§ **Work instruction**
Would you please repeat all of the data exactly, omitting the pictures?

§ **Provided data**
--- --- ---

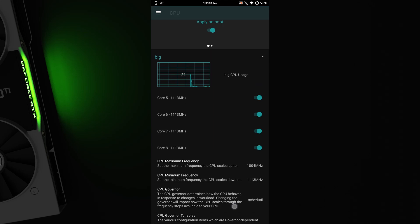Turn on apply on boot at top to apply these settings every time you restart.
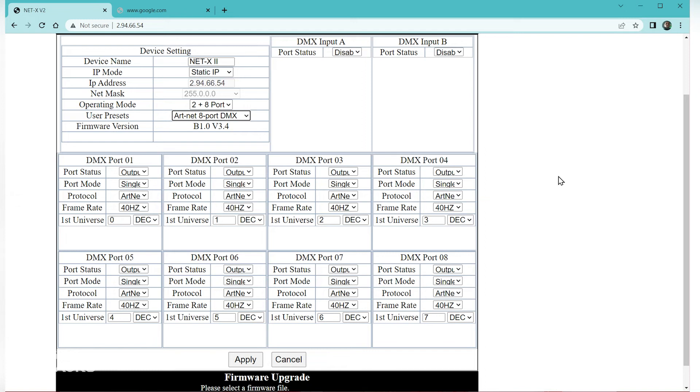And that's just how easy it is to adjust your protocols with the NetX2 so you can have DMX over IP. Thanks for watching another episode of Light Snacks. I'm Anthony Ciappone with Chauvet Professional — have a good one.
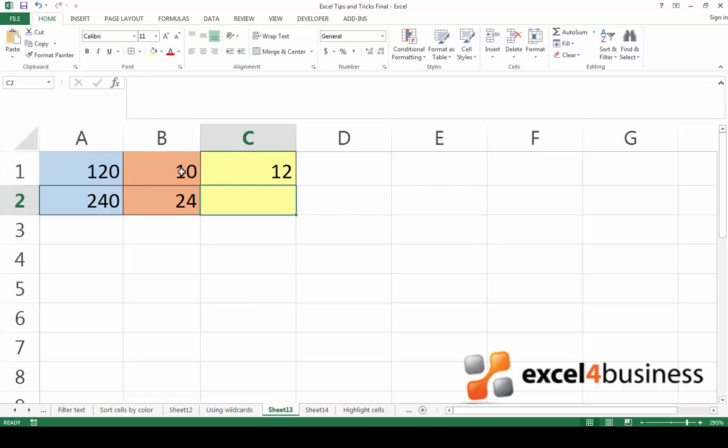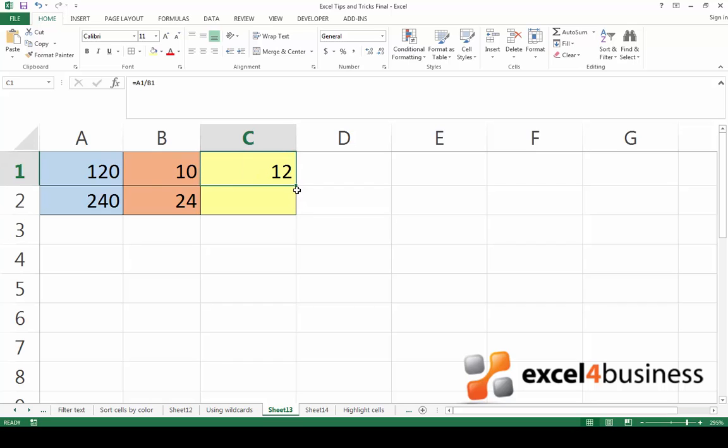When you press enter, the result will appear. If you now click on the cell with the result, go to the lower right-hand corner and click on the little square and drag it down, you'll be able to copy the formula down. Excel will divide the following two numbers.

--- --- ---

§ **Your response**
Turn on apply on boot at top to apply these settings every time you restart.
And that's just how easy it is to adjust your protocols with the NetX2 so you can have DMX over IP. Thanks for watching another episode of Light Snacks. I'm Anthony Ciappone with Chauvet Professional — have a good one.
When you press enter, the result will appear. If you now click on the cell with the result, go to the lower right-hand corner and click on the little square and drag it down, you'll be able to copy the formula down. Excel will divide the following two numbers.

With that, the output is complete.